Note: This is a review of a preview of Hello, Dolly! Out of respect for the performance I only published it after the opening night. 

The first time I saw Hello, Dolly! was when I was 27 and preparing for an amateur production of the great musical in England. I had been cast in the role of Cornelius Hackl, the employee of Horace Vandergelder who has just been promoted from impertinent fool to chief clerk. Popping out of the store room box in the opening scene is exciting for all Cornelius-portrayers the world over – for two reasons. Firstly, you get to deliver your hotly-anticipated opening line in the show and finally get a glimpse of the audience. Secondly, it means you can breathe properly for the first time since lights down – you’ve been trapped with your assistant Barnaby in a tiny box for the last 15 minutes as the rest of the characters are introduced to the audience at a seemingly excruciatingly slow pace.

I was relaying this information to the perfectly lovely gentleman who was stood next to me at Broadway’s Shubert Theatre on Friday night when I asked him “So are you involved in this production at all?”. “Why yes,” he responded, “I’m the director.”

That would be four-time Tony Award-winning director Jerry Zaks. [1]

Outside the theatre

His production of Hello, Dolly!, set to run at the Sam S. Shubert Theater from 20th April, is exactly what you would hope to see from a Broadway version of a musical that has been around for the last 50 years. It simply oozes quality and class.

The opening number “Call On Dolly” is full of bright and wonderful costumes with perfectly-precise movement from the ensemble. Warren Carlyle’s choreography at this point is nothing too complicated, but there’s a certain beauty in its simplicity – a matter counterbalanced with “The Waiters’ Gallop” in the second half.

The real star of the show, inevitably, is Bette Midler. As the titular character she is able to sweep from playful to heartbroken in the space of a song. Done correctly, it is a surprisingly nuanced character. She is larger than life when she’s entertaining guests, putting on a show for the cast and the audience in equal measures. However, when she is alone she reveals what drives her throughout the story – her lost love and former husband Ephram Levi. Midler may have the audience in stitches when she’s slowly eating a delicious chicken dinner, but they’re eating the palm of her hand when she’s speaking from her heart.

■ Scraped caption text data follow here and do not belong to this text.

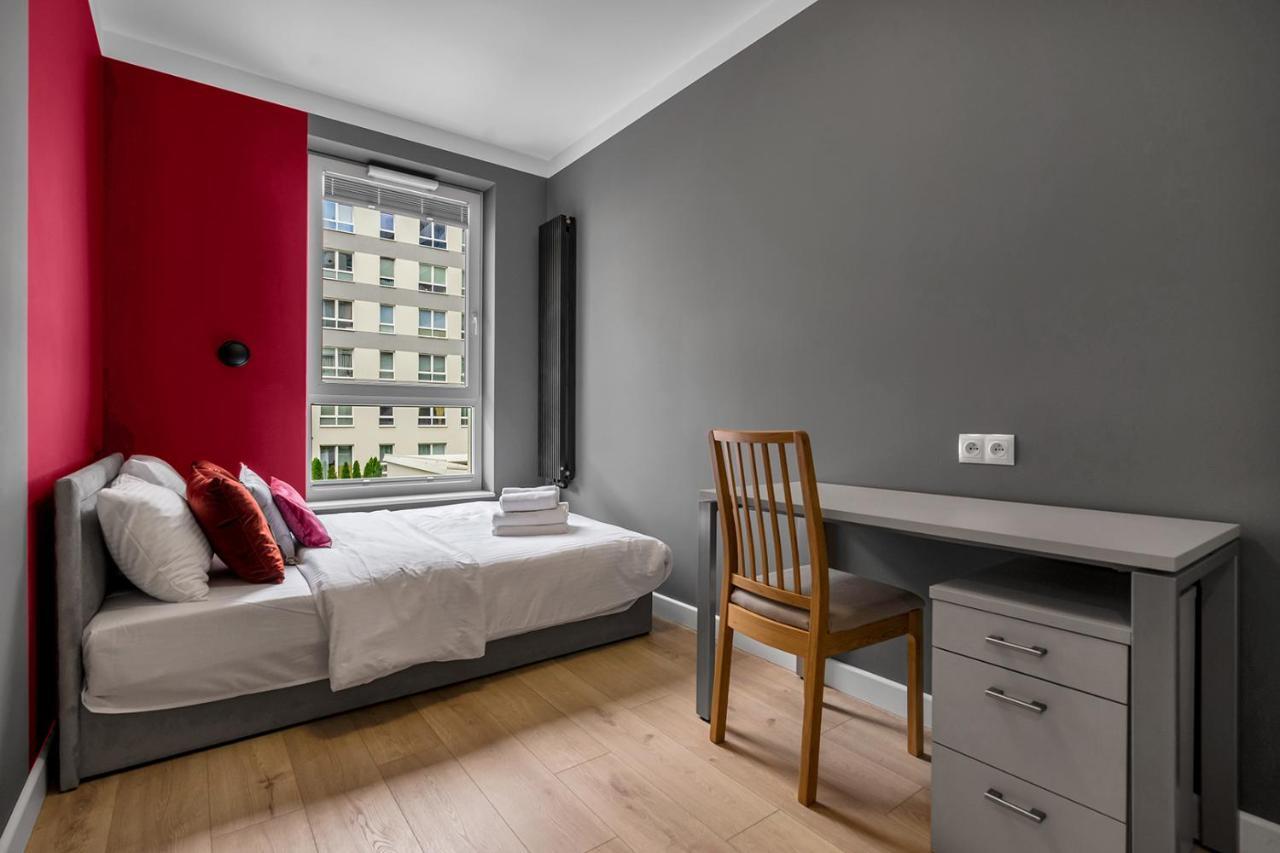 Lotnisko Chopina Modern Apartment Varsó Kültér fotó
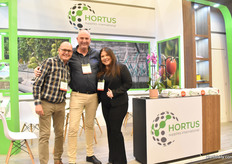 Ludo van Boxem, Frank Combee y Ariana Sudario, de Hortus Supplies, suministran todo lo que necesitan los cultivadores.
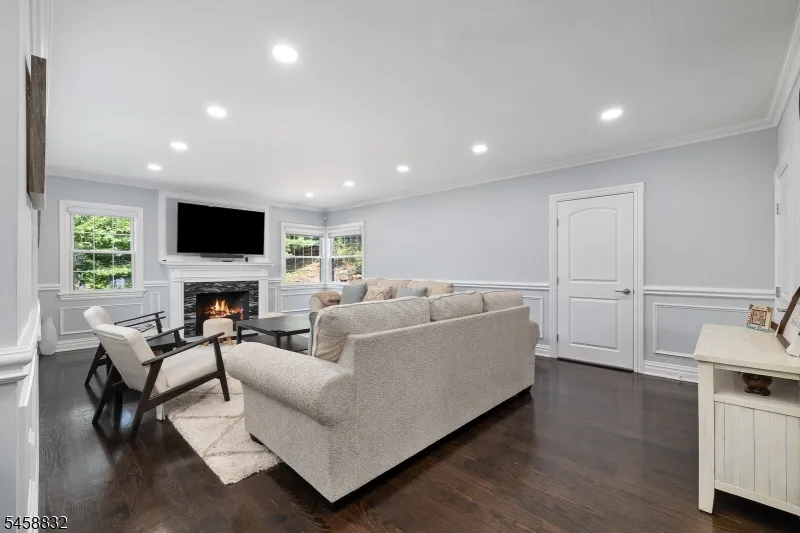 330 Springfield Ave Westfield Town, NJ 07090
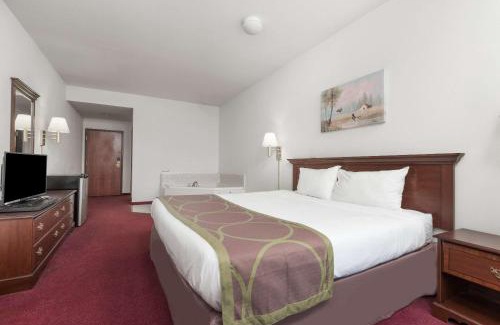 Grayson Hotel | Super 8 by Wyndham Grayson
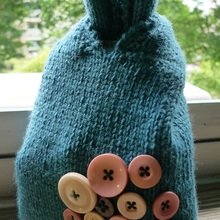 Knitted-knot-bag-complete-with-buttons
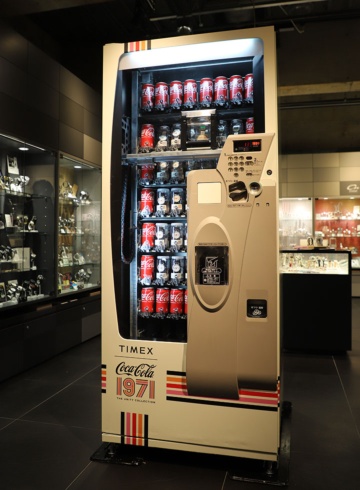 腕時計ブランド「タイメックス」とコカ・コーラのコラボレーション商品を期間限定で販売した自販機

David Hyde Pierce is a great counterpoint for Midler as the angry shop owner and “half-millionaire” Horace Vandergelder. He is a seasoned Broadway star, winning a Tony Award in 2008 for his role in Curtains. It was great to finally see “Penny in my Pocket” restored and performed in front of the curtain at the start of the second act. It’s a song that’s great for someone like Pierce – full of characterisation and expression. It was cut from previous Broadway runs to shorten the second half.

Gavin Creel (Cornelius Hackl), Kate Baldwin (Irene Molloy), Taylor Trensch (Barnaby Tucker) and Beanie Feldstein (Minnie Fay) are all brilliant in their Horace-avoiding storyline, with “Elegance” a particular highlight in the second half. Creel’s rendition of “It Only Takes A Moment” with Baldwin was simply beautiful; a clear sign that musical director Andy Einhorn can get the best out of his performers.

The tickets for this production may well sell because Bette Midler is such a huge star and is massively popular on Broadway, with David Hyde Pierce also offering added interest. However, what audiences will find is a musical that is excellent across the board, from the back row of the ensemble to the lead star, with not a thread on a costume out of place.

To think that what I saw was supposed to be a preview, I only wish I could see it when it hits the full run.

It will be a smash.

[1] It was to my shame that I didn’t recognise Jerry Zaks. He was the perfect gentleman. By the time we had started chatting he had already noticed that we hadn’t got a Playbill and found an usher to retrieve a couple for us. What kind of director does that?! He seemed genuinely interested in whether we were enjoying the show, seeking us out at the end to garner our opinion before signing our programme. Great job sir and thank you for finding the time to talk to us.